What to work on: Transcribe the stretch of entries below from the line with "Cacek řádil. Amatér má první výhru v sezoně" through the line with "Frota da companhia", exactly and with both ends included; leave out all other lines.

[Given records — start]

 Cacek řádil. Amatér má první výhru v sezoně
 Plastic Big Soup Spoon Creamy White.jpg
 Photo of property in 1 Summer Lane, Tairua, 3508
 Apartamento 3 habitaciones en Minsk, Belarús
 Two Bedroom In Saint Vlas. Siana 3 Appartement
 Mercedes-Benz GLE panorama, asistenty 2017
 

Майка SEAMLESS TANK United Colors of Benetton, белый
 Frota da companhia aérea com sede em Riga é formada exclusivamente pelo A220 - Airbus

[Given records — finish]
[Given records — start]

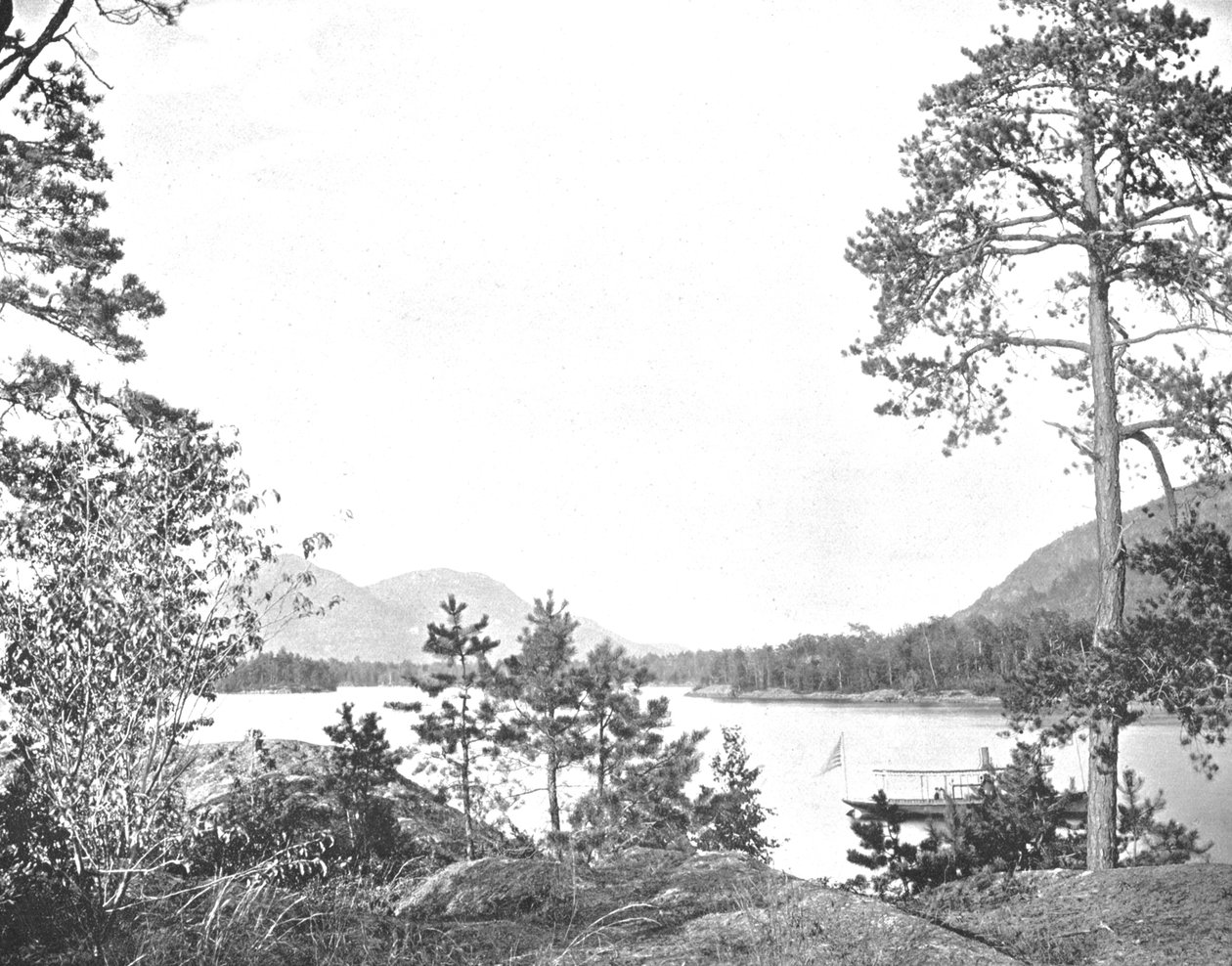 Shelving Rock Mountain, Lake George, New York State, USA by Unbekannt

[Given records — finish]
[Given records — start]

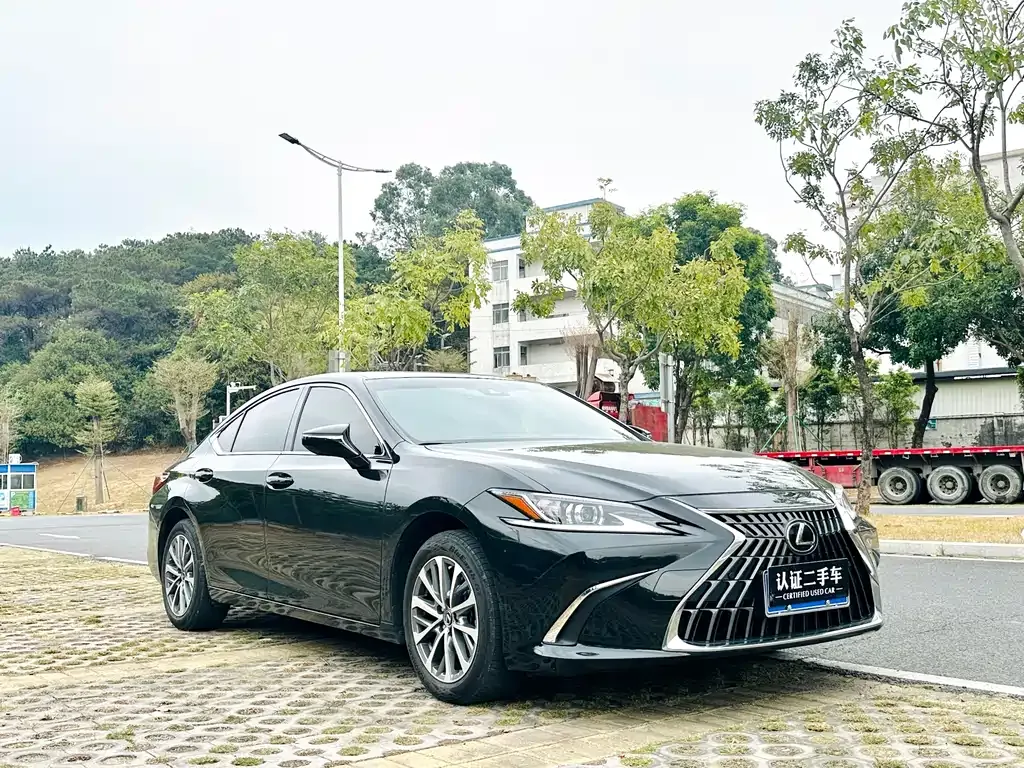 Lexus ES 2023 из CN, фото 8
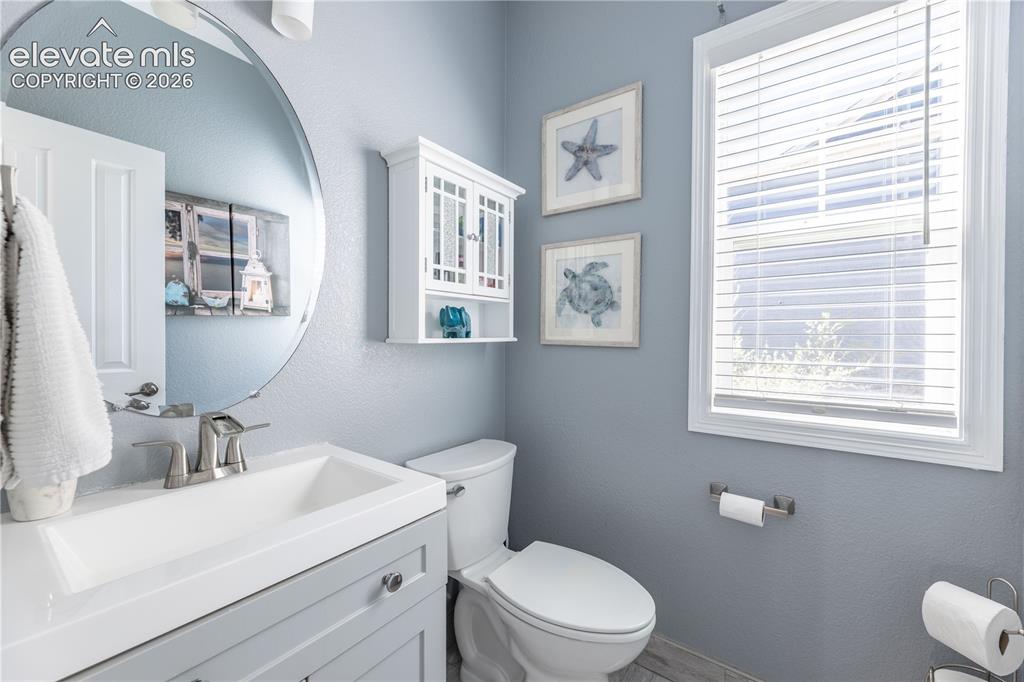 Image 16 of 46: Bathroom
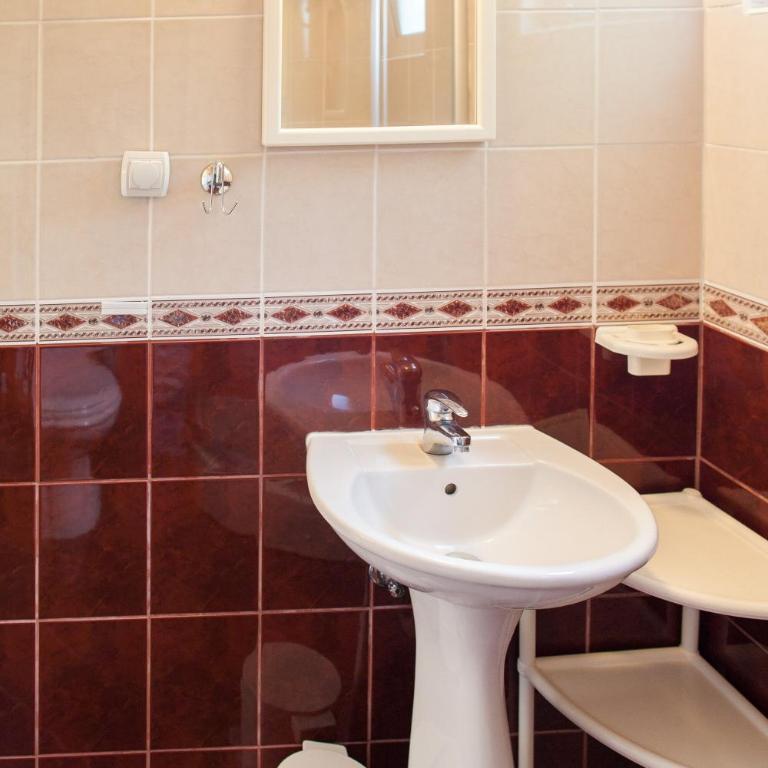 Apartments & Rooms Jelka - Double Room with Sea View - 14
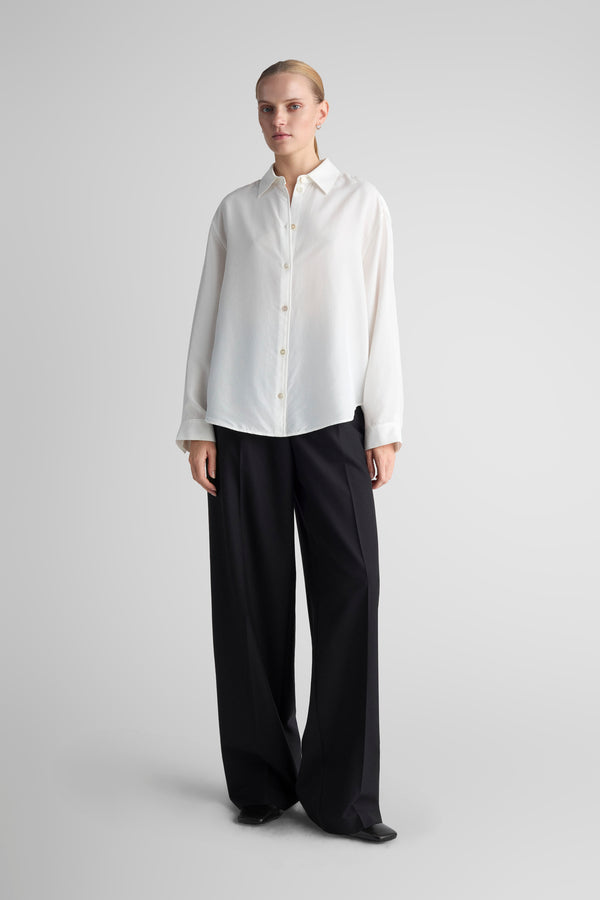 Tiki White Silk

[Given records — finish]

Written answer:
 Cacek řádil. Amatér má první výhru v sezoně
 Plastic Big Soup Spoon Creamy White.jpg
 Photo of property in 1 Summer Lane, Tairua, 3508
 Apartamento 3 habitaciones en Minsk, Belarús
 Two Bedroom In Saint Vlas. Siana 3 Appartement
 Mercedes-Benz GLE panorama, asistenty 2017
 

Майка SEAMLESS TANK United Colors of Benetton, белый
 Frota da companhia aérea com sede em Riga é formada exclusivamente pelo A220 - Airbus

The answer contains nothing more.